Indeed that’s one of the themes Jarmusch is interested in. Vampires not wanting to be in the public eye, tend to pass their art off onto humans. It wouldn’t do if some of the most famous artists, musicians, composers, and writers known to history were still living after so many years. They’d never see any peace whatsoever. Jarmusch seems to suggest that most of the famous artists throughout history were given their great works from vampires attempting to keep out of the public eye. Any artist or great thinker that popped up that wasn't influenced by a vampire earned Adam’s praise and adoration. He simply hasn't the time or patience for the rest of the human populace that Adam and the other vampires refer to as zombies.

We are considered zombies because we've poisoned the world and ourselves to the point where they no longer want to drink our blood, they prefer a specific pure type of blood. But we're also zombies because we all constantly fail to see the beauty of art both past and present. We fail to see the many things of value all around us. Adam has grown very tired of the zombies, and is frustrated that we've failed to advance as far as he'd have liked us to, or perhaps in the way he'd have liked us to in all the years he's seen.

Adam (Tom Hiddleston) and Eve (Tilda Swinton) are married vampires. She lives in Tangier a beautifully old city, and he lives in Detroit, a dying yet still undead town. The locations are representative of the two characters themselves. As for the separation, Jarmusch stated, "If you live that long, separation for a year might feel like a weekend."

Eve heads to Detroit to visit Adam because she’s been away long enough. What the film is about isn’t really the point, it’s about spending time with these eternal characters. What they have to say about life and time is their purpose in the film. Knowing that these characters have lived a long time already, and will go on living for quite a lot longer tells us that we can only witness a fraction of their time.

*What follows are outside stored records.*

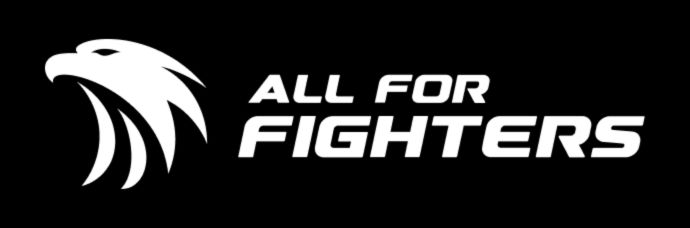 All for Fighters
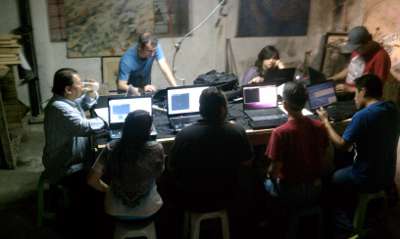 P9.jpg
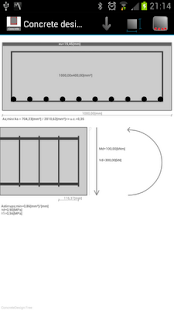 AirStream: Stream PC on mobile - Google Play Android 應用程式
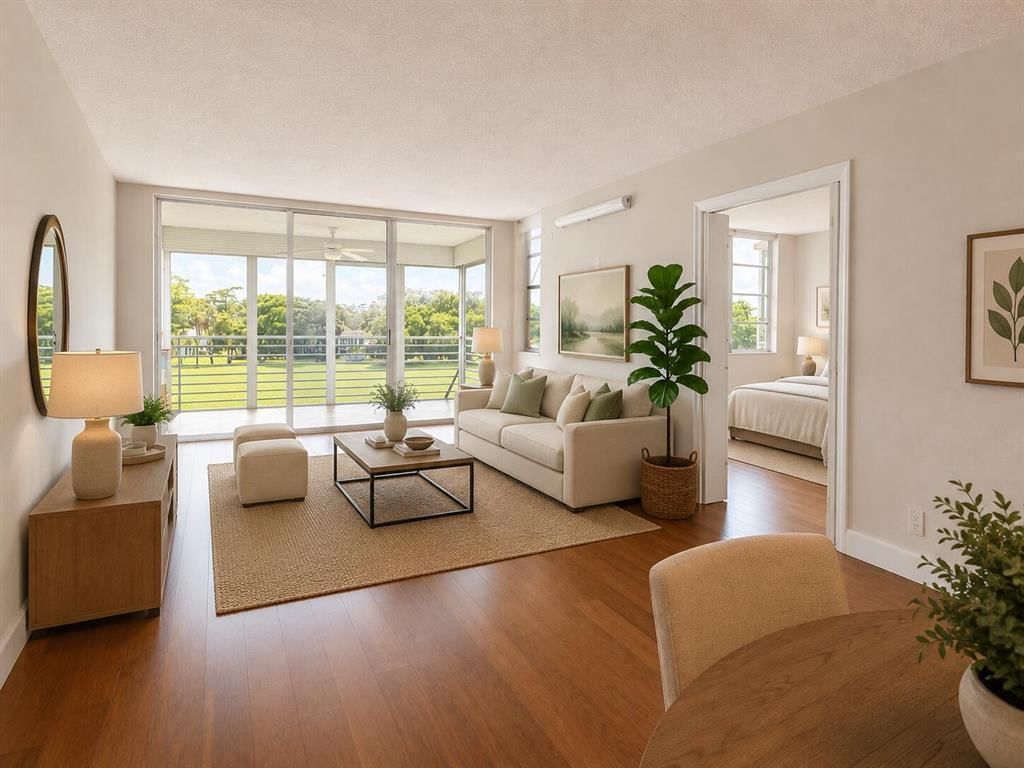 4030 W PALM AIRE Drive #402, Pompano Beach, FL 33069 photo 2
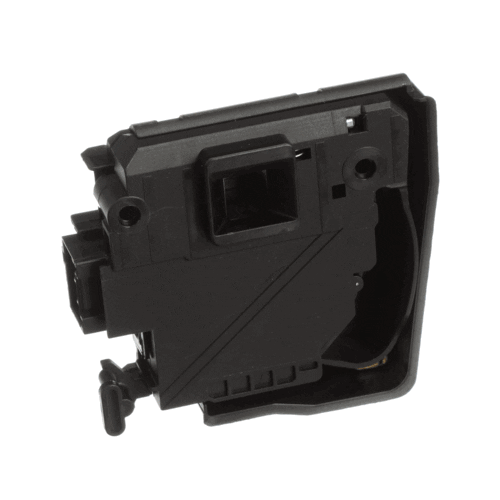 Samsung Switch Door Lock - DC34-00026B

What we do witness is them being together. We see their dealings with these zombies, and even another vampire or two. They both go through the required scenes of drinking blood, and struggling to hold themselves back when they see humans bleeding, but in just about every other way this isn’t your typical vampire tale.

Jarmusch's personality is perhaps reflected here. He, like Adam is an artist on the fringe, someone who works with some of the best actors of our day, but he and his art don't usually get attention of the mainstream audience. Adam, no doubt a representation of Jarmusch himself, loves music. He constantly surrounds himself with beautiful instruments from different times. The music he creates is the type of dark, ambient, fuzzed out music Jim Jarmusch himself creates. In fact the music was written by his band SQÜRL.

Adam creates music others want to hear, but his reclusive nature keeps it from spreading until it’s inevitably stolen. He hears his music around town, but never claims it because he doesn’t want the recognition.

At it's heart, the film is about them being together, and their eternal love. In the film Adam and Eve discuss Einstein's theory of entanglement: "When you separate an entwined particle, and you move both parts away from the other, even on opposite ends of the universe if you alter or affect one, the other will be identically altered or affected." They are entwined particles.

It’s a slow meandering portrayal of vampires in modern times, with far less high school drama than you’re probably used to. Perhaps it isn’t fast paced or exciting but maybe we start to understand these eternal beings one way or another. I enjoy a solid slice of life film that doesn’t rely on action sequences, and while I would probably categorize this as a slice of life film, the mere fact that it’s about vampires means it’s unlike any you’ve seen before.

I’ve always liked Jim Jarmusch's films (Broken Flowers, Coffee and Cigarettes, Dead Man, Stranger Than Paradise to name a few). They tend to age gracefully and sit with me for quite a while. This one will be no different.